● MATERIAL FOR THIS EXERCISE
>>>>>
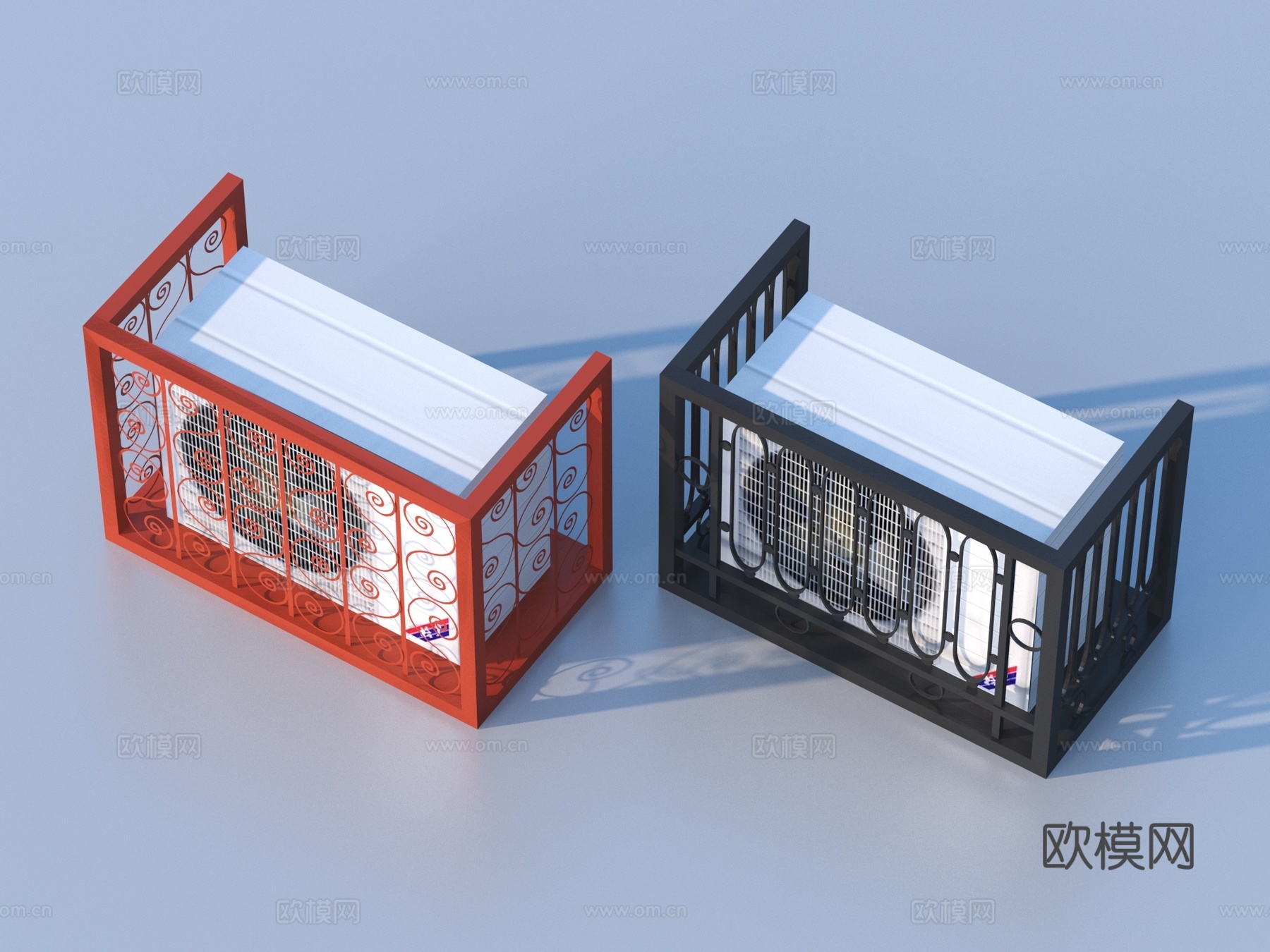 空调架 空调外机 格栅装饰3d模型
<<<<<
>>>>>
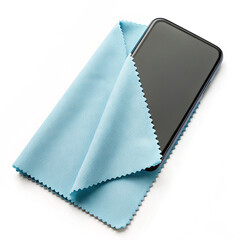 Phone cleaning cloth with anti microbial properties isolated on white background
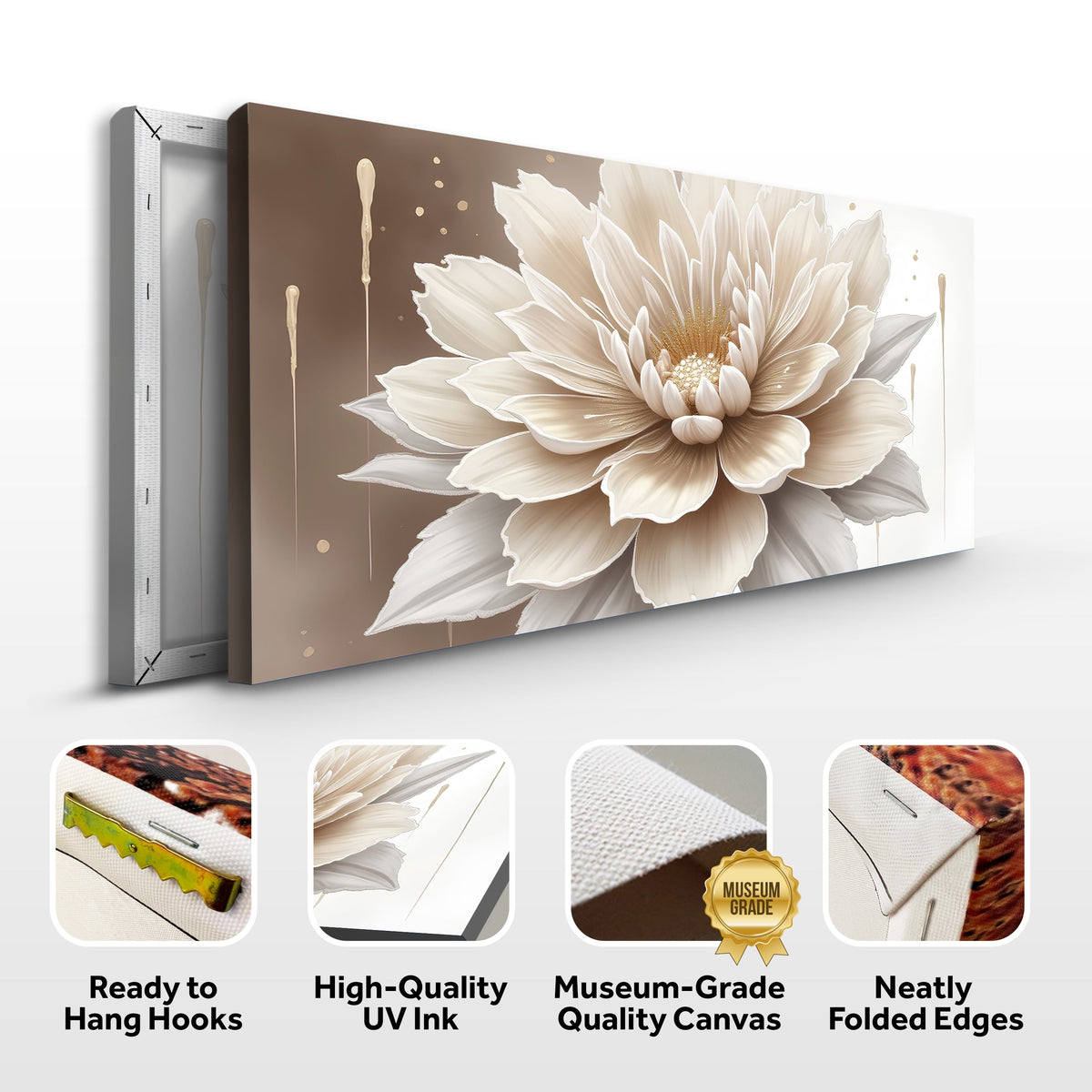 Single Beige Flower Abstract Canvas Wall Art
<<<<<
● PROBLEM STATEMENT
Range to copy from the listing above: the line containing "Phone cleaning cloth" down to the line containing "Single Beige Flower Abstract Canvas Wall Art", both included. Reproduce it exactly, minus the pictures, and add nothing.

● FINISHED EXERCISE
 Phone cleaning cloth with anti microbial properties isolated on white background
 Single Beige Flower Abstract Canvas Wall Art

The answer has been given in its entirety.